An ebbing of revolutionary effort by then is understandable. Revolutions seemed to have achieved little outside France and had there brought disillusion and dictatorship. Some of their goals were being achieved in other ways. Cavour and his followers had created a united Italy, after all, greatly to the chagrin of Mazzini, since it was not one of which that revolutionary could approve, and Bismarck had done what many of the German liberals of 1848 had hoped for by providing a Germany which was indisputably a great power. Other ends were being achieved by economic progress; for all the horrors of the poverty which it contained, nineteenth-century Europe was getting richer and was giving more and more of its peoples a larger share of its wealth. Even quite short-term factors helped here. The year 1848 was soon followed by the great gold discoveries of California, which provided a flow of bullion to stimulate the world economy in the 1850s and 1860s; confidence grew and unemployment fell in these decades and this was good for social peace.

A more fundamental reason why revolutions were less frequent was, perhaps, that they became more difficult to carry out.

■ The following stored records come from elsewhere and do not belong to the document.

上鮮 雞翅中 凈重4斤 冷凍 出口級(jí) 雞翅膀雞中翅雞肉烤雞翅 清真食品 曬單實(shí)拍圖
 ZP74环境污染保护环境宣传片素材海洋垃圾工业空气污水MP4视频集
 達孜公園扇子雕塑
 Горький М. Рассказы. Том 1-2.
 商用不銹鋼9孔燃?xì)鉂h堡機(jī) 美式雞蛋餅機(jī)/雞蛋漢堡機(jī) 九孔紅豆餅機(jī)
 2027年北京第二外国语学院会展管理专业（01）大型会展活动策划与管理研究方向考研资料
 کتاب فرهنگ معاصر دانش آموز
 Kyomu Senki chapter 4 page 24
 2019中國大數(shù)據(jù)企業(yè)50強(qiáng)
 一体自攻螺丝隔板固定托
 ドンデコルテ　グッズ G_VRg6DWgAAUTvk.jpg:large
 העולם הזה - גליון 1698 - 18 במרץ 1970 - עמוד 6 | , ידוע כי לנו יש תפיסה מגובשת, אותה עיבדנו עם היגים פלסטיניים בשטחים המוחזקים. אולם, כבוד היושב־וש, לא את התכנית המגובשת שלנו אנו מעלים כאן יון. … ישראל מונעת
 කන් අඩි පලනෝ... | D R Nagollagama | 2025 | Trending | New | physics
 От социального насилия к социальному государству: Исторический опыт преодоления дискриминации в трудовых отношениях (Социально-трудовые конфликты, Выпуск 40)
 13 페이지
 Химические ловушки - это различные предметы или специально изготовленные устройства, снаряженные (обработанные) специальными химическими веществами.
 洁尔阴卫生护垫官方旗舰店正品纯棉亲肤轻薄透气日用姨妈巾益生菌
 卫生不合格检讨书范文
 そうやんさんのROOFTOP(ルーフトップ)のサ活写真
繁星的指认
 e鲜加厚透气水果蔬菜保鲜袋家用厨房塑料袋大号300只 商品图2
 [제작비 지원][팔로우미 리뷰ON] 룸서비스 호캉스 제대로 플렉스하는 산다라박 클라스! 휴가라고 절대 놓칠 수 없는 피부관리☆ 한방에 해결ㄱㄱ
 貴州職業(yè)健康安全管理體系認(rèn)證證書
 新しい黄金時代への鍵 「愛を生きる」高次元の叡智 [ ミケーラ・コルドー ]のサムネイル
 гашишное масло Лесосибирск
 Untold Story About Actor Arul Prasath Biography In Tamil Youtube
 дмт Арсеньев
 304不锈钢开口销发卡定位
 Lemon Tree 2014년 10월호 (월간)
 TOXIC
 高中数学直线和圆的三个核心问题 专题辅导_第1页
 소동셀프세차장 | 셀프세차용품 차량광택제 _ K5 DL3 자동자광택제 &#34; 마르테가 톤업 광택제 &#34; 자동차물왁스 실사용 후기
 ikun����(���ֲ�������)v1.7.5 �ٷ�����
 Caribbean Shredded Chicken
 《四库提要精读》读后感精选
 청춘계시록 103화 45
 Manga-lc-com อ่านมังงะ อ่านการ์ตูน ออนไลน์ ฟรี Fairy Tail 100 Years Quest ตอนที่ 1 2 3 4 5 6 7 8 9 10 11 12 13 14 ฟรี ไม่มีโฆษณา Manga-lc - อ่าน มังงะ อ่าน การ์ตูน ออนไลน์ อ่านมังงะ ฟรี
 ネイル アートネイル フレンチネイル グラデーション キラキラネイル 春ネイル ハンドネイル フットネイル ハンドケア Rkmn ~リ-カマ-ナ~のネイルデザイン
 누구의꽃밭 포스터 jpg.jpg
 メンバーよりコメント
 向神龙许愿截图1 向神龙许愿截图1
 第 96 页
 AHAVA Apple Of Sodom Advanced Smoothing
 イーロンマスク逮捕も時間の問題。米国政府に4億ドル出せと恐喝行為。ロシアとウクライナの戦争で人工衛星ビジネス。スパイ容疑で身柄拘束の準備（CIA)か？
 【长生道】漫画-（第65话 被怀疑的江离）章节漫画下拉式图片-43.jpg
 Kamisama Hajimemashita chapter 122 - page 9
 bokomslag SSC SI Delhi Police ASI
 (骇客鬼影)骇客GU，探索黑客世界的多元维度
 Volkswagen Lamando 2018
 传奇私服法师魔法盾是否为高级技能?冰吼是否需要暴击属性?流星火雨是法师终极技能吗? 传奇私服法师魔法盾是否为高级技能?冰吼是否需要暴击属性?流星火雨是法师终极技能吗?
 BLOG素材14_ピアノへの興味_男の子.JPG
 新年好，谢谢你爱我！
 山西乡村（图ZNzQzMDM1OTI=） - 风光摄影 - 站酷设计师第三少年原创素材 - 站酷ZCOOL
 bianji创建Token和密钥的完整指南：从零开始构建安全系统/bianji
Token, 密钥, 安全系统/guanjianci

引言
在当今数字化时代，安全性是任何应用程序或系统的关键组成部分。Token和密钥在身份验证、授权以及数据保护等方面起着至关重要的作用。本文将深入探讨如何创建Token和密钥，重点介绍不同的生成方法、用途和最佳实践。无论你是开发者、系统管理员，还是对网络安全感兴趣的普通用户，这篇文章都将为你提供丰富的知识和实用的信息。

Governments were finding it steadily easier to grapple with them, largely for technical reasons. The nineteenth century created modern police forces. Better communications by rail and telegraph gave new power to central government in dealing with distant revolt. Above all, armies had a growing technical superiority to rebellion. As early as 1795 a French government showed that once it had control of the regular armed forces, and was prepared to use them, it could master Paris. During the long peace from 1815 to 1848 many European armies in fact became much more instruments of security, directed potentially against their own populations, than means of international competition, directed against foreign enemies. It was only the defection of important sections of the armed forces which permitted successful revolution in Paris in 1830 and 1848; once such forces were available to the government, battles like that of the June Days of 1848 (which one observer called the greatest slave-war in history) could only end with the defeat of the rebels. From that year, indeed, no popular revolution was ever to succeed in a major European country against a government whose
control of its armed forces was unshaken by defeat in war or by subversion, and which was determined to use its power.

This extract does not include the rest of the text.